En contrepartie, ils ont promis à ces gens-là qu’ils auront le privilège d’avoir le pouvoir à Gaza. Mais c’est à l’exemple du Sud-Liban et des forces d’Antoine Lahd à l’époque : ces gens ne vivront que dans une zone où il y a que l’armée d’occupation.

Une nouvelle ligne verte

Les Israéliens veulent que l’on dise qu’il y a une division, qu’il y a une rivalité, que le Hamas et ces clans vont s’entretuer. Cela justifierait qu’ils soient présents dans cette zone-là, justement, pour qu’il n’y ait pas d’affrontements. Cela leur donne un nouveau prétexte pour rester, pour diviser, pour occuper, comme pour n’importe quel esprit colonial dans le monde. Ces clans-là ont été formés à ce dessein.

Concernant la division entre Ancienne et Nouvelle Gaza, les Israéliens veulent montrer au monde entier qu’il y a des forces qui sont là, qu’il y a beaucoup de gens qui veulent vivre dans cette Nouvelle Gaza, et qu’il faut commencer à reconstruire dans cette zone parce que le Hamas n’y est pas. C’est toujours cet épouvantail qu’ils utilisent pour ne pas s’engager à la paix ou bien dans le cessez-le-feu.

Depuis le cessez-le-feu, il y a eu plus de 300 personnes qui ont été tuées par les Israéliens, tout en disant que le Hamas a tiré sur eux à Rafah. Prétexte pour reprendre la guerre. Et pareil pour toute personne qui se rapproche de de cette zone ou de cette ligne jaune : on lui tire dessus. Hier, ils ont bombardé à Beit Lahya. Pourtant, il n’y avait pas de ligne jaune, mais ça leur a permis de tuer plusieurs personnes.

Gaza est maintenant occupée à 53 %. Cette occupation va durer longtemps, et ce qu’on appelle « la ligne jaune » représentera une nouvelle frontière entre Gaza et Israël.

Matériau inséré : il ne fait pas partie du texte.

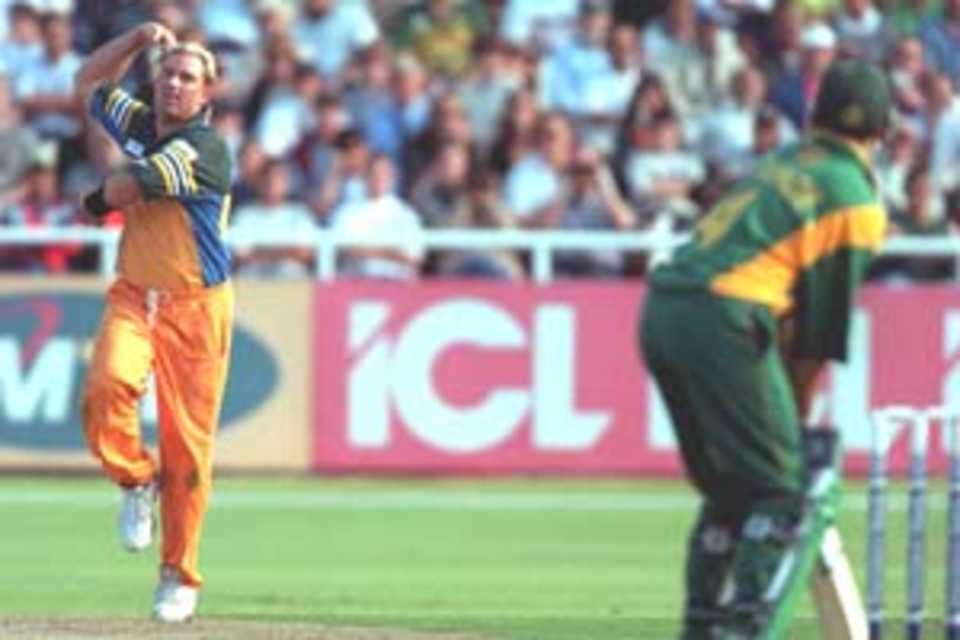 14 Apr 2000: Shane Ware of Australia about to bowl out Neil McKenzie of South Africa during the 3 match series of South Africa v Australia at Newlands, Cape Town, South Africa.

Cette zone occupée sera sans doute annexée, pour élargir la zone tampon, afin d’y établir des colonies, comme l’avaient prédit les Israéliens au début de la guerre.

Je ne crois pas que les Israéliens vont construire une Nouvelle Gaza, ni de nouveaux bâtiments. Surtout pas à côté des frontières d’Israël. Ce sera une zone tampon, établie par le fait accompli. Comme pendant la guerre de 1967, quand on parlait de ce qu’on appelait « la ligne verte ». Ce sera une nouvelle frontière, et l’on aura à nouveau des résolutions des Nations unies qui parleront de la nécessité d’un retrait israélien derrière cette ligne. Entre temps, les Israéliens continueront à endurcir la vie des citoyens de Gaza, pour poursuivre le projet de la déportation, pour continuer la non-vie à Gaza. Pour que les gens décident après de partir.